**Your goal:** Each line of the entries below that includes "System" belongs in your answer.
━━━━━━━━━━━━━━━━━━━━
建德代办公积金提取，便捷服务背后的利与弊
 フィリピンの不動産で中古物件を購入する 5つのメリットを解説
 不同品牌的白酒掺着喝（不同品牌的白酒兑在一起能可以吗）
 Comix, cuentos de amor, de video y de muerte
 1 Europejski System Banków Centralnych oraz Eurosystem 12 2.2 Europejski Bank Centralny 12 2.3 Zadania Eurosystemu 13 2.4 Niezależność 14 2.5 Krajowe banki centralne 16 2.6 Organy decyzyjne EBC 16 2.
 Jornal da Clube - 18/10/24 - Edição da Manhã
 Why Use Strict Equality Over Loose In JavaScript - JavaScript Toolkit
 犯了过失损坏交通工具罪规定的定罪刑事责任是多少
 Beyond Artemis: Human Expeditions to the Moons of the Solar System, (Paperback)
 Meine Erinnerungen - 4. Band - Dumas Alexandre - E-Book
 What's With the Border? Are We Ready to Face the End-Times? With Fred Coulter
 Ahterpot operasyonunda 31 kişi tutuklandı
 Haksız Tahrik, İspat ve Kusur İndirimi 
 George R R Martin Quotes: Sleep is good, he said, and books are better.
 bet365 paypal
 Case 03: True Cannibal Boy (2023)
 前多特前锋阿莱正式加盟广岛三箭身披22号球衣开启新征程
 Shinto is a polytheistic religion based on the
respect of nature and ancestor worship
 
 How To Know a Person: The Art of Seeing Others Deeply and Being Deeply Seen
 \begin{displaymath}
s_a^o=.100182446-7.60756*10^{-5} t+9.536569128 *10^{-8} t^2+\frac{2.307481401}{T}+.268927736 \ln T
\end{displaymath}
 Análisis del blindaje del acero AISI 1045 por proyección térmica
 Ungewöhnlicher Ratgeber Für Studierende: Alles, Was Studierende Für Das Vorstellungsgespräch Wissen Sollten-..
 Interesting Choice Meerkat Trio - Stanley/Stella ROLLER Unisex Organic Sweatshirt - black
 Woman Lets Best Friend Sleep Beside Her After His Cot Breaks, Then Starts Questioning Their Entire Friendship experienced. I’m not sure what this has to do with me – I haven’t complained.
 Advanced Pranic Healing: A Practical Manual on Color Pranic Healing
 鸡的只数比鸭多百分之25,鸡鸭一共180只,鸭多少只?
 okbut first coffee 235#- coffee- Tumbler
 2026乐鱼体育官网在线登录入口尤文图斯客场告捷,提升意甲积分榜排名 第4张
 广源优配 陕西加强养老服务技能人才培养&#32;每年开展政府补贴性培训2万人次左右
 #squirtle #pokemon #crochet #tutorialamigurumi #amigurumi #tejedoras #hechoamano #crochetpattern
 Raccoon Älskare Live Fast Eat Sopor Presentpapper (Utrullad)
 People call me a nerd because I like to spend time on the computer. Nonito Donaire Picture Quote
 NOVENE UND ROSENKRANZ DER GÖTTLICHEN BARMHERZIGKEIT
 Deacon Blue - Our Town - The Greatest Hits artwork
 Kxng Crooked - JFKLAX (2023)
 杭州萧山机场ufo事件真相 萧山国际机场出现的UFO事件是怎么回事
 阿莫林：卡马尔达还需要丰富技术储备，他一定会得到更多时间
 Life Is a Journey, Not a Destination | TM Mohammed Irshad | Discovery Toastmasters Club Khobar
━━━━━━━━━━━━━━━━━━━━
**Response below:**
 1 Europejski System Banków Centralnych oraz Eurosystem 12 2.2 Europejski Bank Centralny 12 2.3 Zadania Eurosystemu 13 2.4 Niezależność 14 2.5 Krajowe banki centralne 16 2.6 Organy decyzyjne EBC 16 2.
 Beyond Artemis: Human Expeditions to the Moons of the Solar System, (Paperback)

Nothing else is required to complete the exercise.